#### [Task requirements]
Without any of its pictures, the listing below should be output exactly.

#### [Material provided]
+-------+

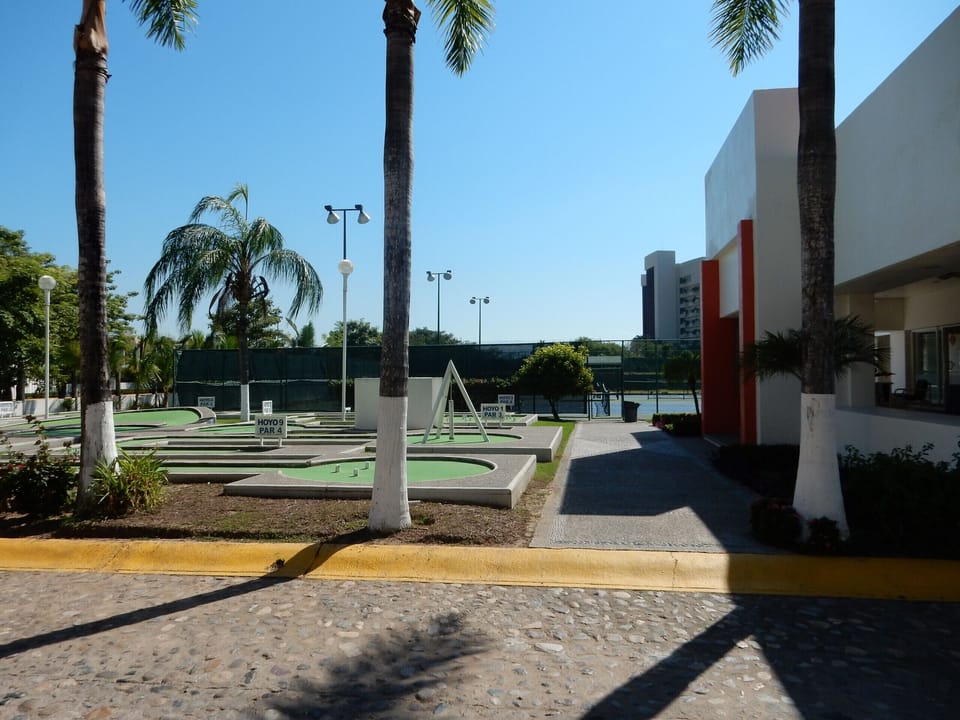Mini-Golf, Tennis Courts, Soccer field and Gym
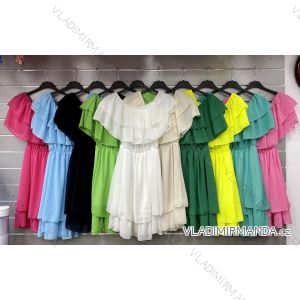 Šaty šifónové letné carmen dámske (S/M ONE SIZE) TALIANSKA MÓDA IMWGS232028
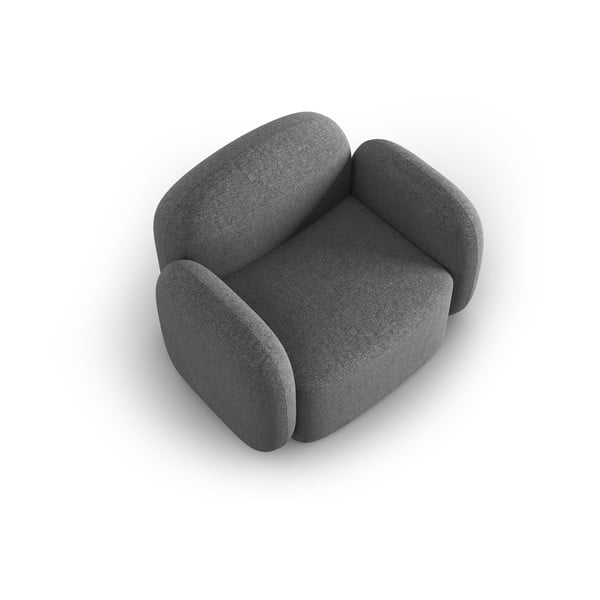 Tmavě šedé křeslo Blair – Micadoni Home-image-3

+-------+

#### [Response area]
Mini-Golf, Tennis Courts, Soccer field and Gym
 Šaty šifónové letné carmen dámske (S/M ONE SIZE) TALIANSKA MÓDA IMWGS232028
 Tmavě šedé křeslo Blair – Micadoni Home-image-3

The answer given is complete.